メイちゃん農場のはじまり

アレルギーに見たこども達の置かれた現状

食生活もこども達のアレルギーに影響

今から7年前の2012年、近くの方からヤギを1頭飼ったことが、「メイちゃん農場」のはじまりでした。

兼業農家として米を生産する環境で育っていた私は当時、学習塾を経営していました。日々の学習指導を通じてこども達と触れ合う中で、現代病とも言われるアレルギーを抱えて困っているこども達もたくさん見てきました。

食べ物や花粉症、アトピーまで色々ありますが、大人からこどもまで誰もが何かしらのアレルギーを持っていることが、当たり前になっているように感じます。

「どうしてこのようなことになってしまったのか」「何かこども達のためにしてあげられることはないか?」そう思って過ごす日々がありました。

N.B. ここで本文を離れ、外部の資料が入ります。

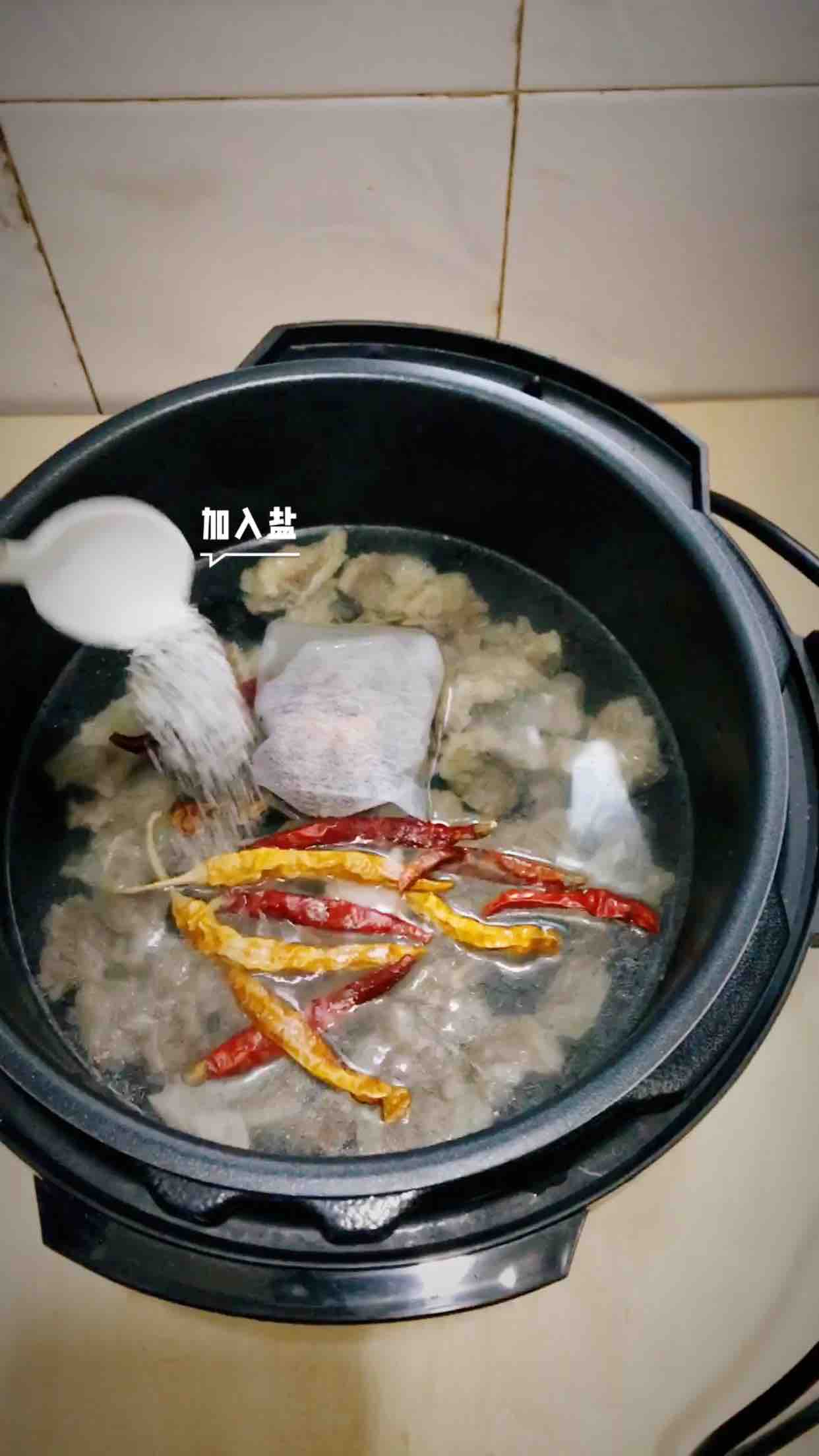 砂鍋燉牛腩的做法-香辣味燉菜譜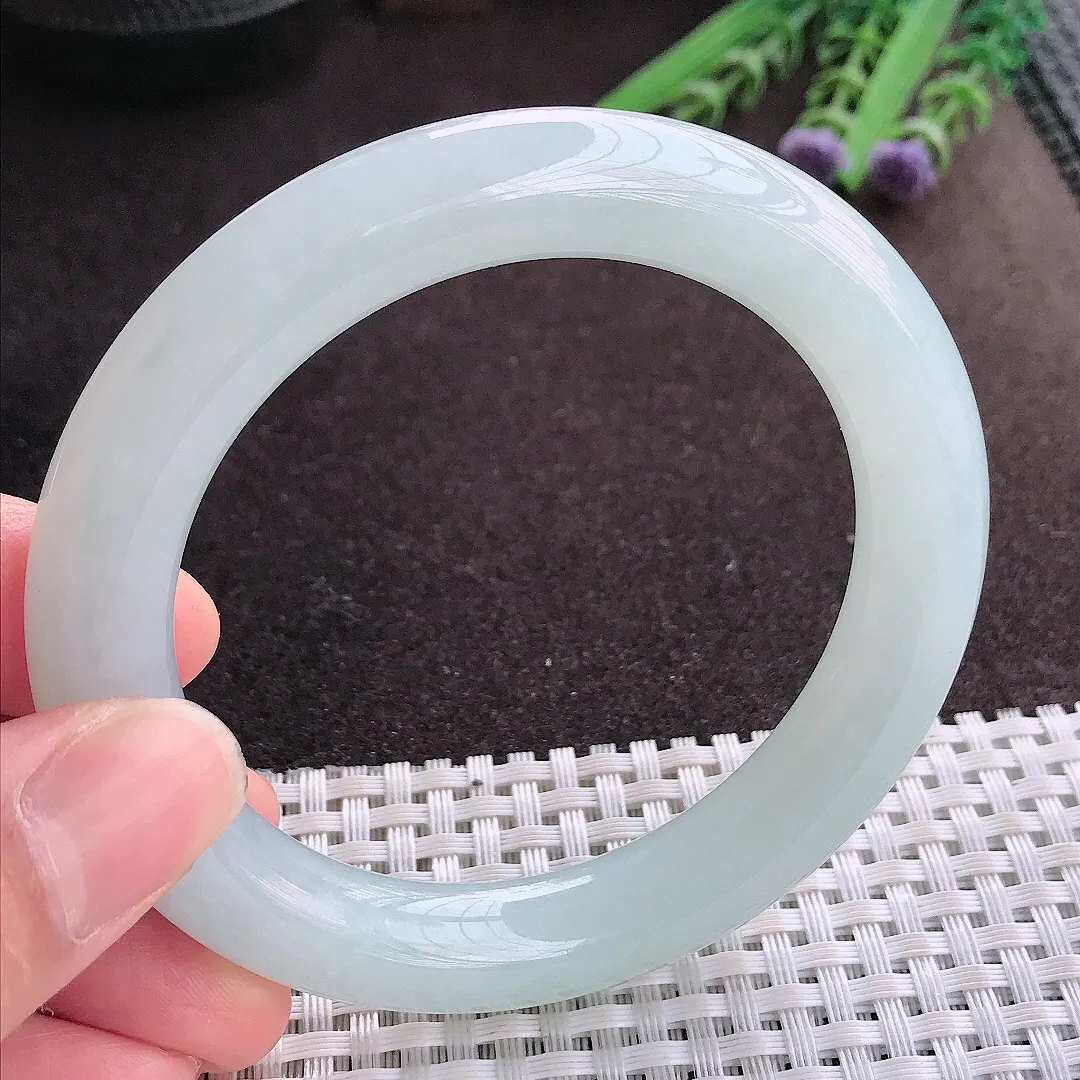 实拍A货翡翠57/10.8老坑冰润起胶冰纯天空蓝圆条手镯翡翠玉镯子平安镯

昔は身近にあった牛、ヤギ、ニワトリなどの家畜が、現代では特別な存在となり、こども達が家畜と触れ合うこともなくなっています。「家畜をかっているところではこどものアレルギーが少ないらしい」そう聞いたこともあり、もしかしたら家畜と触れ合える場所を提供することで、こども達の健康的な心身の役に立てるかもしれない。これもこども達のためにひとつの教育として必要なことではないだろうか。

そう思ってヤギを1頭買ったことが、メイちゃん農場のはじまりでした。

 

広がる今津地区の空き家

空き家が増える鳥取県米子市今津地区

今津地区は200軒以上の世帯が暮らす集落です。

今津地区は国道沿いに近く、淀江漁港そばにあり以前はにぎやかな地域のひとつでした。しかしながら、今は徐々に空き家が増え、20年後30年後には地区内の半数近くが空き家となってしまうのではないかと懸念されるほどの状況です。

日本全体として少子高齢化が進む中、耕作放棄地も増え農業を営む方々も減りつつある、この現状に直面した時、自身のこども達が将来暮らしていける町として存続していけるだろうかと考えました。

これからも「こども達が元気に、夢を持って暮らしていける地区にしたい」「今、農業をしている方々が、もう少し農業をつづけたいと思ってくれるような地区にしたい」「今津地区で新たに就農したいという人を受け入れる地区にしたい」そんな、さまざまな人たちが“縁する地区”として発展していくきっかけとして、メイちゃん農場を使ってもらいたい。その想いこそが私がメイちゃん農場を始めた原点です。

ここから始まった7年の物語は今、手搾乳のヤギチーズの製造と販売を始め、新しいスタートを迎えています。